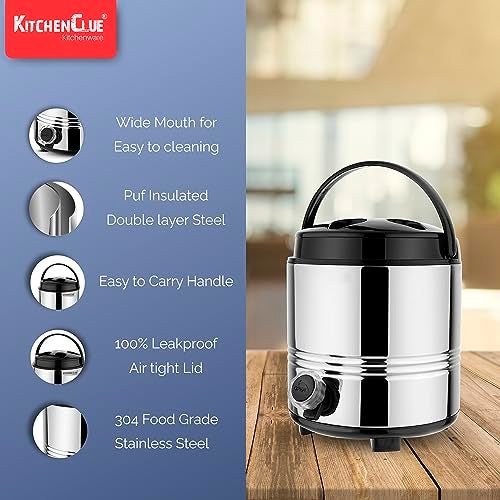 KITCHEN CLUE Stainless Steel Insulated Water Jug (5 Liter) & Serving Casserole (2000 ML) - Silver & Black - BPA free - PUF Insulated - Keeps Food Or Beverages Hot & Cold - Thermoware Combo Set - Image 5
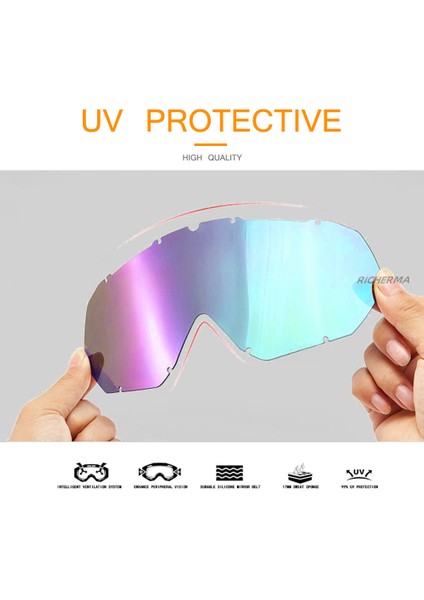 Renkli Lensler Parlaklığı Önleyici Şeffaf Lensli Motokros Gözlüğü Katlanabilir Kayak Gözlüğü Motosiklet Off Road Kar Kızağı Kar Motoru (Yurt Dışından) modelleri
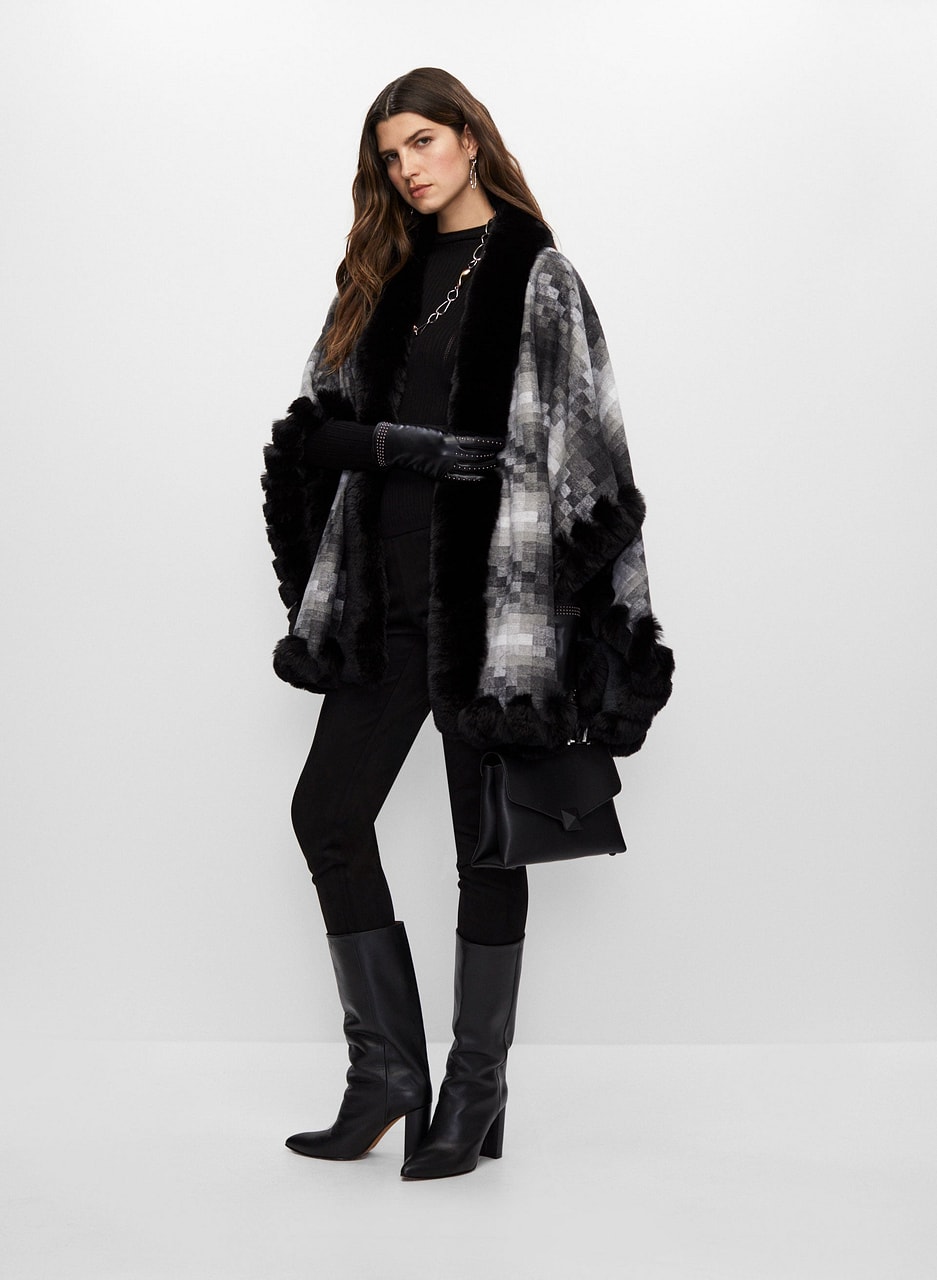 Faux Fur Trim Poncho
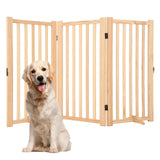 Garvee Puerta Para Perros De Madera Natural Plegable Estable 3 Paneles Para Interiores Escaleras -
........
#### What is required:
The output is the data above, repeated exactly, with pictures omitted.

#### Answer section:
 KITCHEN CLUE Stainless Steel Insulated Water Jug (5 Liter) & Serving Casserole (2000 ML) - Silver & Black - BPA free - PUF Insulated - Keeps Food Or Beverages Hot & Cold - Thermoware Combo Set - Image 5
 Renkli Lensler Parlaklığı Önleyici Şeffaf Lensli Motokros Gözlüğü Katlanabilir Kayak Gözlüğü Motosiklet Off Road Kar Kızağı Kar Motoru (Yurt Dışından) modelleri
 Faux Fur Trim Poncho
 Garvee Puerta Para Perros De Madera Natural Plegable Estable 3 Paneles Para Interiores Escaleras -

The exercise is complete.